» Activity: Without including any pictures, reproduce all the lines below word for word.
*** Data segment Section Begins ***
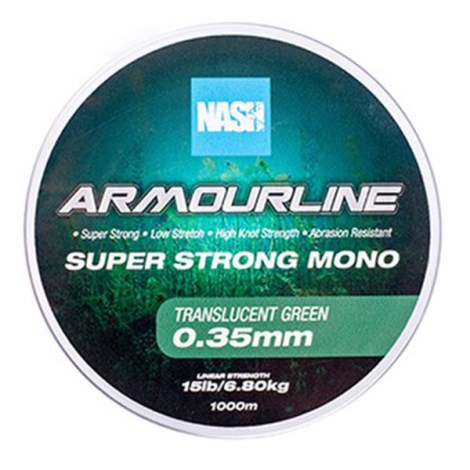 NASH - Vlasec Armourline Super Strong Mono Green 1000 m 0,35 mm 6,80 kg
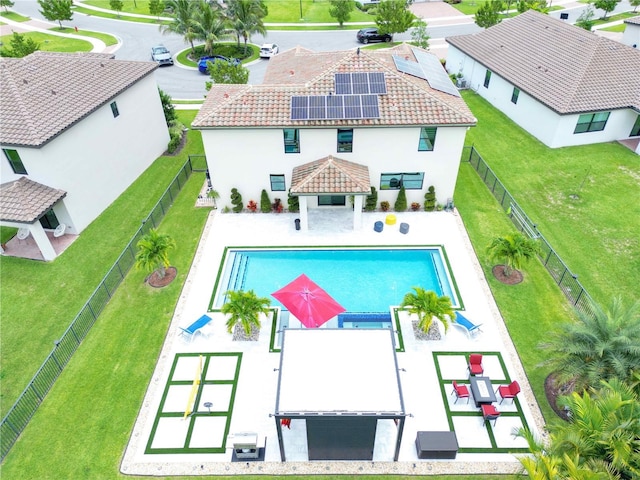 view of pool featuring a gazebo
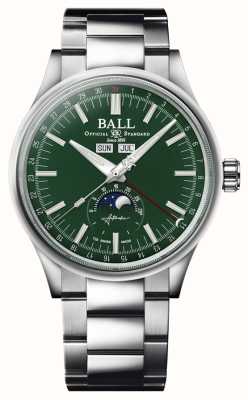 Ball Watch Company Engineer II Moon Calendar | 40mm | Limited Edition | Green Dial | Stainless Steel Bracelet NM3016C-S1J-GR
*** Data segment Section Ends ***
» Result of the exercise:
 NASH - Vlasec Armourline Super Strong Mono Green 1000 m 0,35 mm 6,80 kg
 view of pool featuring a gazebo
 Ball Watch Company Engineer II Moon Calendar | 40mm | Limited Edition | Green Dial | Stainless Steel Bracelet NM3016C-S1J-GR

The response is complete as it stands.